What if the peace you're longing for isn't found in convincing everyone you heard God right...
But in resting so securely in His voice that you don't need to?

Sit with that.
Ask Him about it.
And listen.

 A Prayer for the Space Between

God, this is hard. I wanted them to understand. I hoped they'd celebrate with me. I longed for them to simply say, "I'll pray for you" instead of "Are you sure?"

But help me remember: their journey is theirs. Mine is mine. And you're walking with both of us.

Give me grace to be disappointed without becoming bitter. Help me forgive them for not responding the way I needed—not because what I needed was wrong, but because they're learning too, just like I am.

Protect my heart from resentment. Protect my obedience from other people's opinions. Protect this sacred thing You're doing in me, even when others don't understand it.

And God?
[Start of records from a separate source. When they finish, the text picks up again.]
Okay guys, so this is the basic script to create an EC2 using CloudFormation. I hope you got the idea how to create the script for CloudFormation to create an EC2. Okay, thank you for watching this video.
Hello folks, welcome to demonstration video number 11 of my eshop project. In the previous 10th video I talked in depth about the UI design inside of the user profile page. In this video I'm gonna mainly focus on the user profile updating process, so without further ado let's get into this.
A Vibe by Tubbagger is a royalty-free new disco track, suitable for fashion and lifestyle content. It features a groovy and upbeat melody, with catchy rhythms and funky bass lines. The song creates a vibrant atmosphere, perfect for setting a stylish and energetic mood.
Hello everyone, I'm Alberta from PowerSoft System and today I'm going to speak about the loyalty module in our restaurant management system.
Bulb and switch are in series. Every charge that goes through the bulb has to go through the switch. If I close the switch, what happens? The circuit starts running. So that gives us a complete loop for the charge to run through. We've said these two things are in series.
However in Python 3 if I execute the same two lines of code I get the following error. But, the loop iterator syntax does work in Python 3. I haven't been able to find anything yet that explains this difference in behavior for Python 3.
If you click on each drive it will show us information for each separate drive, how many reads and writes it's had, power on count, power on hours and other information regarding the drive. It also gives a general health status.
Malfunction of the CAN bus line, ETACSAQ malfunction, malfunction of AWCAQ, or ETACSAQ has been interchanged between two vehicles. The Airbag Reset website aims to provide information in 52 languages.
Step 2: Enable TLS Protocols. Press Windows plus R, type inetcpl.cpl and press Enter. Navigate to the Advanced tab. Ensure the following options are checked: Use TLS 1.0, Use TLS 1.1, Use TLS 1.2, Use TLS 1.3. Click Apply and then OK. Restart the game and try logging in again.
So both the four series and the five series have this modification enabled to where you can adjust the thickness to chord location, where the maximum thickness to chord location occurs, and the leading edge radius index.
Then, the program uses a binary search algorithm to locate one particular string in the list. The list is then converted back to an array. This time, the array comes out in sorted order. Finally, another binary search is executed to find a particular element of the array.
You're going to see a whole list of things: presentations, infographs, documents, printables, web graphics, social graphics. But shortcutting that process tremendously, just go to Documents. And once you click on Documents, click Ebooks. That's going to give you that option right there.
Thank You that even when people question, You don't. Even when they need proof, you simply say, "Yes, child. I told you to rest. And I'm so glad you listened."

Let your voice be louder than their questions. Let Your peace be more profound than their concern. Let Your approval be enough—because it always has been.

Help me love them well while protecting what You've given me to steward. Help me hold space for their questions while staying anchored in Your answers.

This is my walk with You. And I'm choosing to keep walking it—with grace for them, trust in You, and peace in my own heart.

In Jesus' name, amen. 

P.S. Remember that your obedience—the very thing people questioned—became the bridge for someone else's breakthrough.